*** Opening Materials provided ***

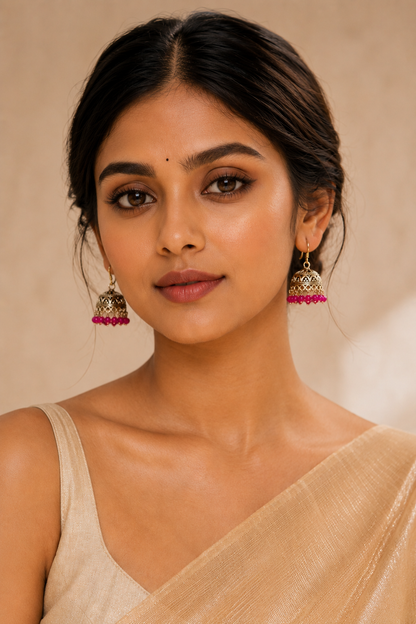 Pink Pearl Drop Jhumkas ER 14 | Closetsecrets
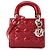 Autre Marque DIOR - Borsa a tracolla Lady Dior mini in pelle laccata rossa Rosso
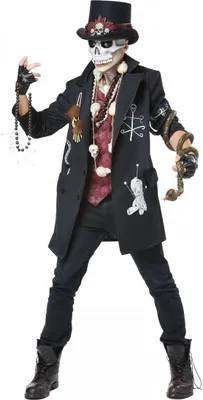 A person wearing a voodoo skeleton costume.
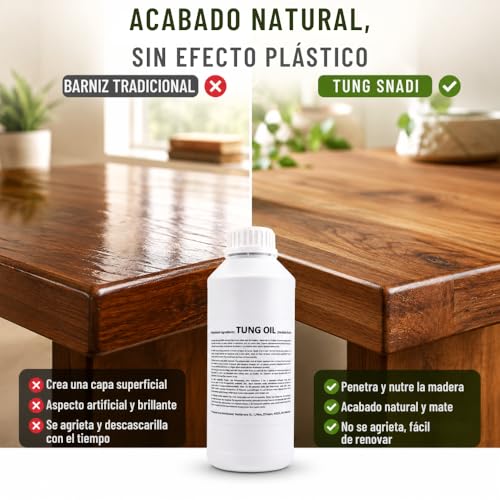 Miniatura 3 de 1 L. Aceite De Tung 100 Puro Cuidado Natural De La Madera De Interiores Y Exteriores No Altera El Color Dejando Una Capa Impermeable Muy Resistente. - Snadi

*** Closing Materials provided ***
*** Opening Materials provided ***

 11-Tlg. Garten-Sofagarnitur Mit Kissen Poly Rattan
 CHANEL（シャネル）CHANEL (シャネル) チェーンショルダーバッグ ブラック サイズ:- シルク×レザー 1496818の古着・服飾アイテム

*** Closing Materials provided ***
*** Opening Materials provided ***

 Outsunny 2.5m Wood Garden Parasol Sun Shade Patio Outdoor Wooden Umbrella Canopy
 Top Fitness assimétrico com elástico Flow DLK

*** Closing Materials provided ***

§ Problem to solve: Above are some records; quote exactly and only the lines that begin at the line containing "Pink Pearl Drop" and stop after the line containing "Miniatura 3 de", leaving out the pictures.

§ Written reply:
 Pink Pearl Drop Jhumkas ER 14 | Closetsecrets
 Autre Marque DIOR - Borsa a tracolla Lady Dior mini in pelle laccata rossa Rosso
 A person wearing a voodoo skeleton costume.
 Miniatura 3 de 1 L. Aceite De Tung 100 Puro Cuidado Natural De La Madera De Interiores Y Exteriores No Altera El Color Dejando Una Capa Impermeable Muy Resistente. - Snadi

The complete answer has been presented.